Kwota, którą oddał na podatki brytyjski gwiazdor może robić wrażenie – to w przeliczeniu ponad 25 mln zł za tylko jeden rok działalności. Kwota trochę mniej szokuje, gdy weźmie się pod uwagę, ile zarabia rocznie Brytyjczyk – w 2017 r. było to aż 27 mln funtów, a zatem na złotówki nawet ponad 132 mln!
Takie czasy. Ed Sheeran płaci więcej podatków niż megakoncerny
Kwota, którą Ed oddaje fiskusowi wydaje się nam, szaraczkom z nad Wisły, wręcz nieprawdopodobna. Ale równie nieprawdopodobna musi się wydawać ona Jeffowi Bezosowi, szefowi Amazona i przy okazji jednemu z najbogatszych ludzi na świecie. On ani myśli, żeby jego firma płaciła takie podatki. I tak na przykład w Wielkiej Brytanii Amazon zarobił w 2017 r. astronomiczną kwotę ponad 2 mld funtów. No dobrze, a ile oddał fiskusowi? Okazuje się, że sporo mniej niż Ed, bo „tylko” 4,5 mln funtów.
Okazuje się, że i inne wielkie firmy na Wyspach płacą w porównaniu do zysków znacznie mniej niż Ed Sheeran Ltd. Chociażby Starbucks. Co prawda sieć kawiarni oddała brytyjskiemu fiskusowi niemal 14 mln funtów, ale zarobiła ponad 162 miliony.

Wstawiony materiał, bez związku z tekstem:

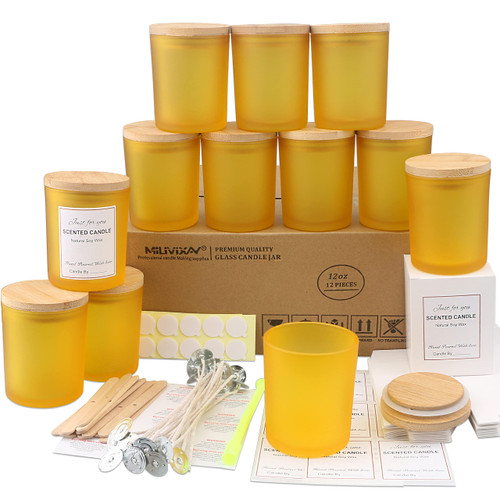 MILIVIXAY 12 Pack 12 oz Matte Yellow Glass Candle Jars with Lids and ...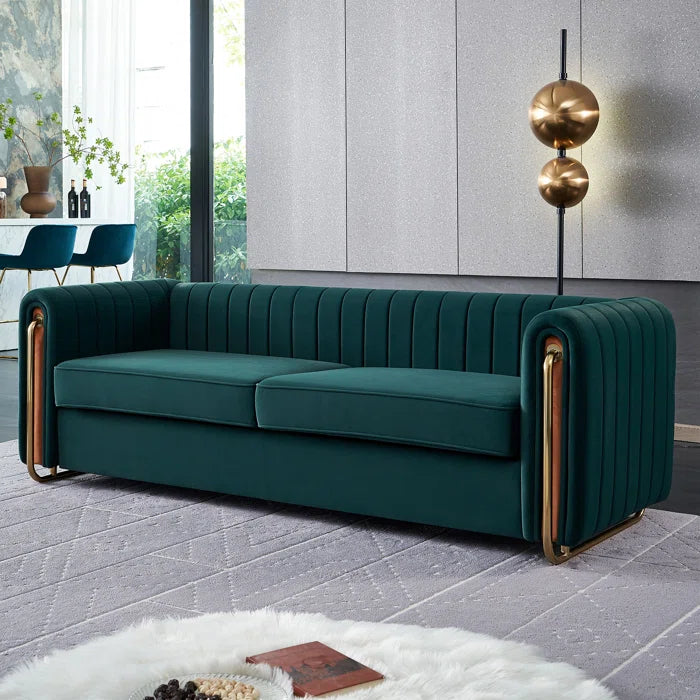 Dark Green With Golden Looks Three Seater Sofa Set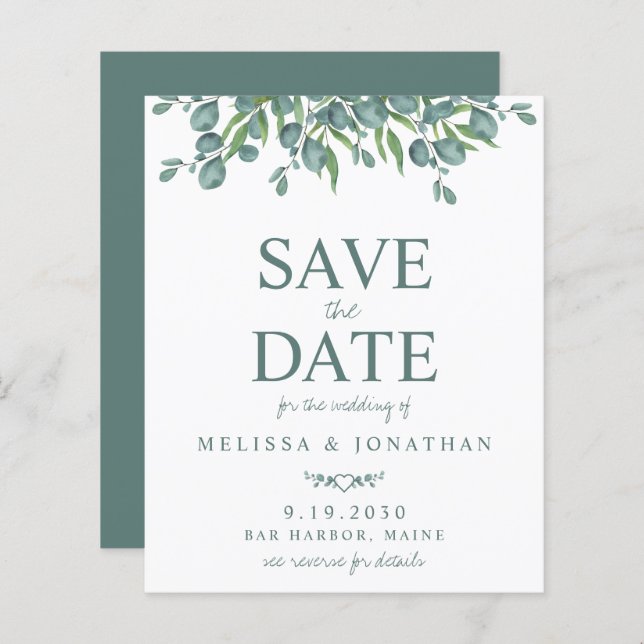 Eucalyptus Greenery QR Code Budget Save The Date (Front/Back)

Oczywiście trudno współczuć Edowi, tym bardziej że w 2017 stał się najlepiej zarabiającą gwiazdą pop, wyprzedzając takie tuzy, jak Adele, Madonna czy Beyonce. Sam Ed Sheeran zapewnia, że pieniądze wcale nie mają dla niego takiej wartości. W wywiadzie dla OK! magazine opowiadał na przykład, że nie przywiązuje takiej wagi do rzeczy materialnych, jak do rodziny czy przyjaciół. A dużą część majątku przeznacza na przykład na działania charytatywne. Problem w tym, że wielkie koncerny są najwyraźniej dużo bardziej materialistycznie nastawione do otaczającego ich świata.
Ed Sheeran płaci ile trzeba, giganci się wymigują
Wielkie amerykańskie korporacje robią co mogą, żeby płacić jak najmniej. Ta zasada się tyczy ich ojczyzny, a już poza nią podchodzą do fiskusa jak diabeł do wody święconej. Taki Facebook płaci rocznie na Wyspach ledwie ok. 5 mln funtów podatków, choć zyski zbliżają się do miliarda. Podatki „optymalizują” też takie giganty, jak Uber, Google czy AirBnB.
No ale jakim cudem jeden piosenkarz może oddawać fiskusowi więcej niż gigantyczne koncerny? Oczywiście korporacje mają swoje tricki – jeśli chodzi o firmy tech to wyjątkowo popularne jest zakładanie oddziałów na Irlandii i wykonywanie z Zielonej Wyspy większości europejskich operacji. A tam fiskus jest wyjątkowo mało zachłanny jeśli chodzi o wielkie firmy. W ten sposób działa chociażby Facebook czy Google. Oczywiście wielkie korporacje mają całe armie prawników, którzy dzień w dzień pracują nad „optymalizacją podatkową”.
Powiedzieć, że to nieuczciwe to nic nie powiedzieć. Zwłaszcza, że firmy takie jak Google, Facebook, Uber czy Amazon często oskarżane są o wchodzenie z butami na europejskie rynki i wywracanie do góry nogami całych branż, które sobie spokojnie funkcjonowały przez dziesięciolecia. Dyskusja nad tym, czy amerykańskie korporacje IT robią więcej dobrego niż złego na Starym Kontynencie jest oczywiście długa, zawiła i prędko się nie skończy. Jedno jest pewne – unikanie podatków raczej nie będzie służyło techowym korporacjom w wygrywaniu europejskich serc. A mogą szybko stać się w oczach opinii publicznej prawdziwymi czarnymi charakterami, niczym Microsoft w latach 90.